If you get enough followers, fans, likes, retweets, then you can make your book, blog, movie, band, idea – go. So we focus on making big enough tribes, creating big enough platforms, so our idea will fly.
We delve into: Twitter – Facebook – Instagram – Pinterest – YouTube – MySpace – LinkedIn – SnapChat – Vimeo – Google Plus – WordPress – Tumblr.
We work hard on our personal brand.
Squeeze into skinny jeans.
Build our street cred.
Get head shots.
But is it working?
We create clever titles for ourselves, then humbly put them in our social media description: Fashionista. International Word Maven. Social Media Expert Pro. World Renowned Superstar. Others go a different route to fame and become qualified critics. If we criticize vigorously enough, we think, maybe they’ll pay attention and allow us a guest seat at their table of fame.
When we lose this focus, we become peddlers of hollow ideas. This is the myth of the empty platform. All smoke and fluff, pomp and title. No substance. Platforms are great, but once you’re standing up there, you really need something to say.
Don’t buy into the myth. Instead…
Relentlessly fight for your idea.
Grow it. Protect it. Draw a Police Do Not Cross line around it.

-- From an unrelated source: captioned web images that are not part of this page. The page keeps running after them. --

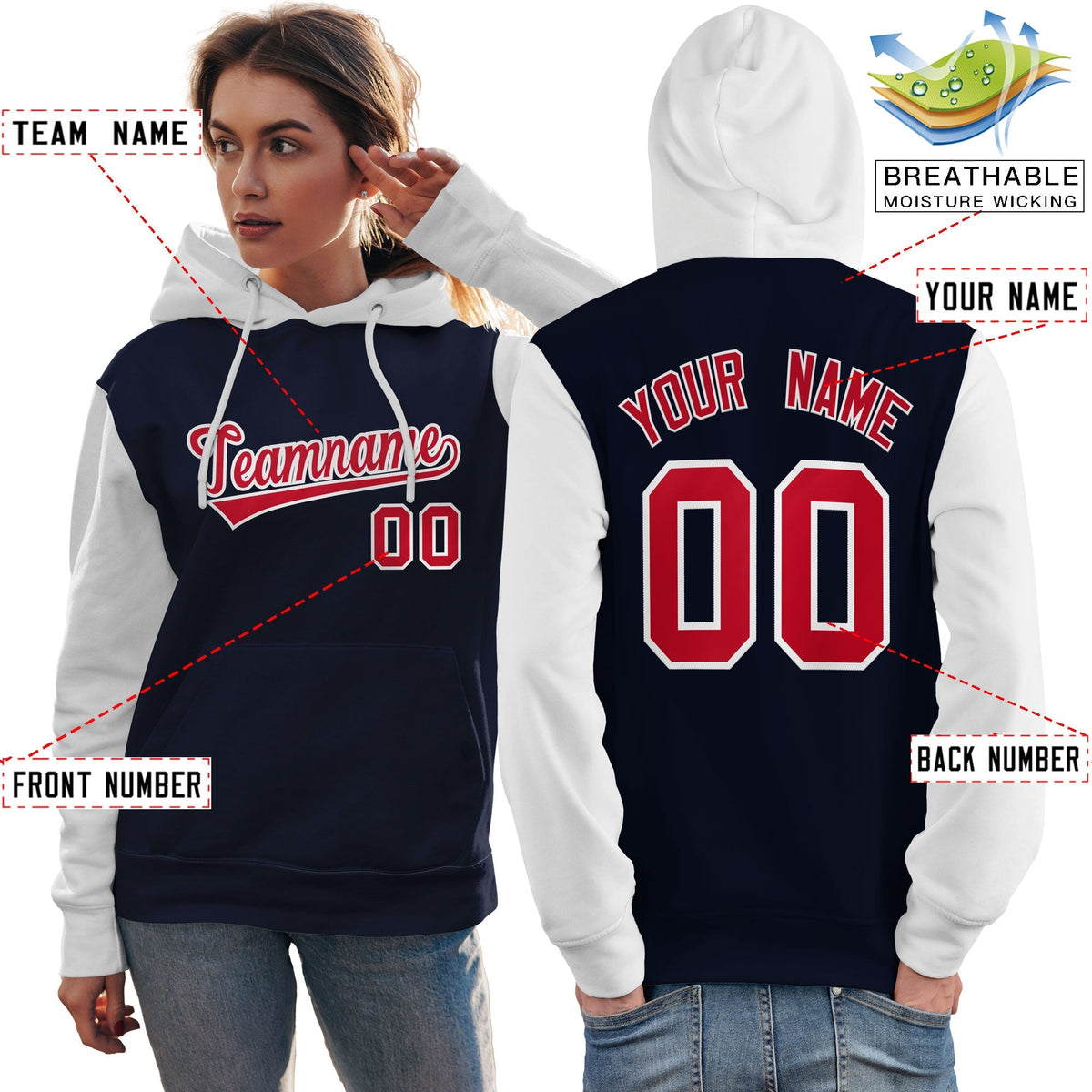 Custom Navy Red-White Raglan Sleeves Pullover Personalized Team Sweatshirt Hoodie| KXKSHOP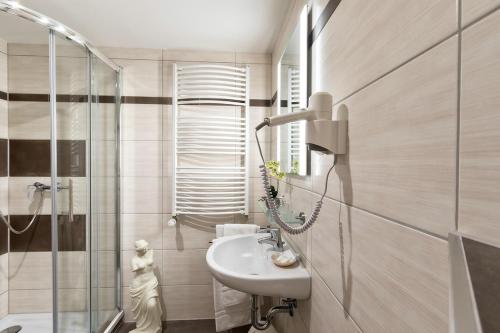 a bathroom with a sink and a shower at Hubertus Hof in Goslar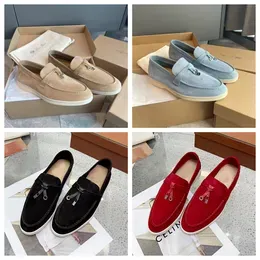 2023 Designer Loro Pianas Walk Charms Embellished Casual Shoes LoroPiana Men Suede Loafers Couple Shoe Genuine Leather Flat For Men flat Dress Sneakers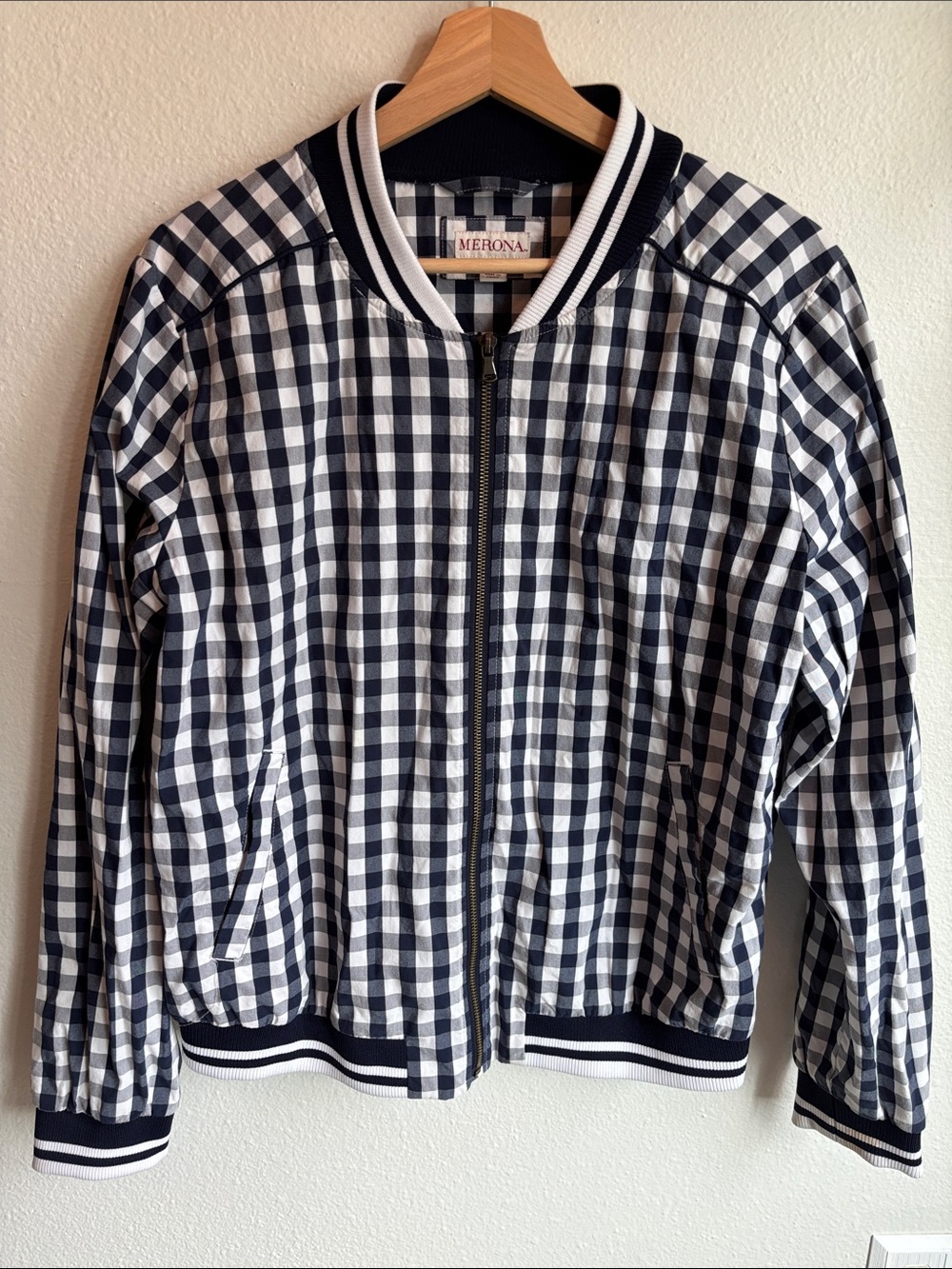 MERONA VTG Navy and White Gingham Bomber Jacket with Striped Trim XL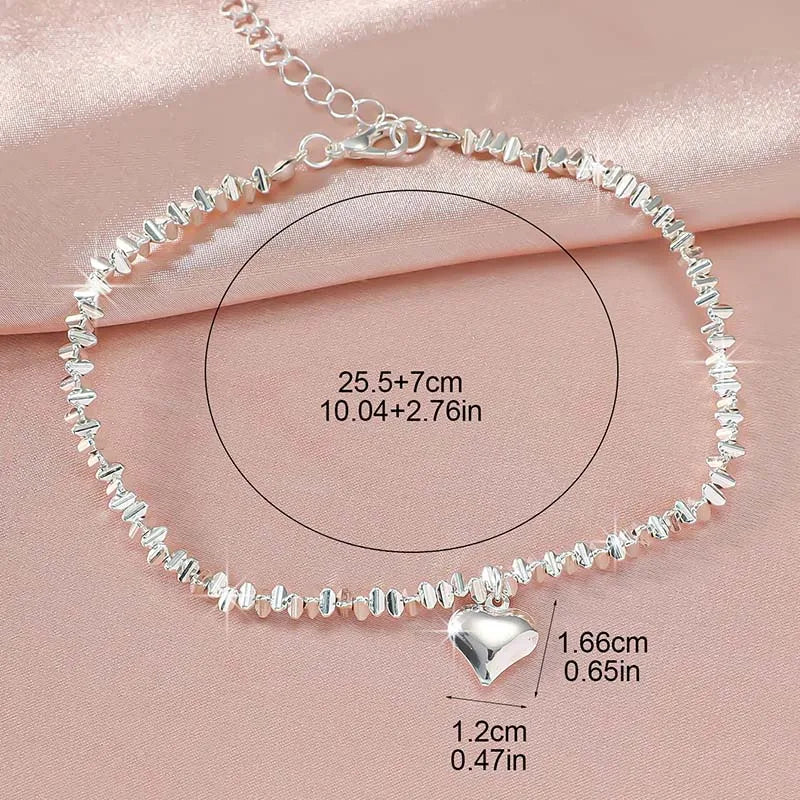 Gleaming Zircon Heart & Cross Double Layer Anklet - Trendy Summer Beach Jewelry for Women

Do everything to become better at your craft. Go to seminars. Read books. Develop your talent. Be teachable. Find a coach. A mentor. Don’t get diverted or distracted. Stay on course.
Steve Jobs asks this question, “You know how you see a show car, and it’s really cool, and then four years later you see the production car and it sucks? And you think, what happened? They had it! They snatched defeat from the jaws of victory.
What happened is this:
The designers came up with a great idea.
Then they took it to the engineers and the engineers said, ‘Nah, we can’t do that. That’s impossible.’ The idea gets worse. Then the manufacturing people say, ‘We can’t build that.’ And it gets a lot worse.”
The key, according to Jobs, is to get your idea from concept car to the conveyor belt. This takes ferocious resolve. Your idea won’t cross the finish line if you lose focus. Or if you are focused on hype. Don’t buy into the myth of the empty platform. Don’t tell people they should love your idea. Build the iPhone.
Then let them fall in love with the little robot you put in their pocket.
Now is a great time to start. “Amateurs,” according to Stephen King, “sit and wait for inspiration. The rest of us just get up and go to work.”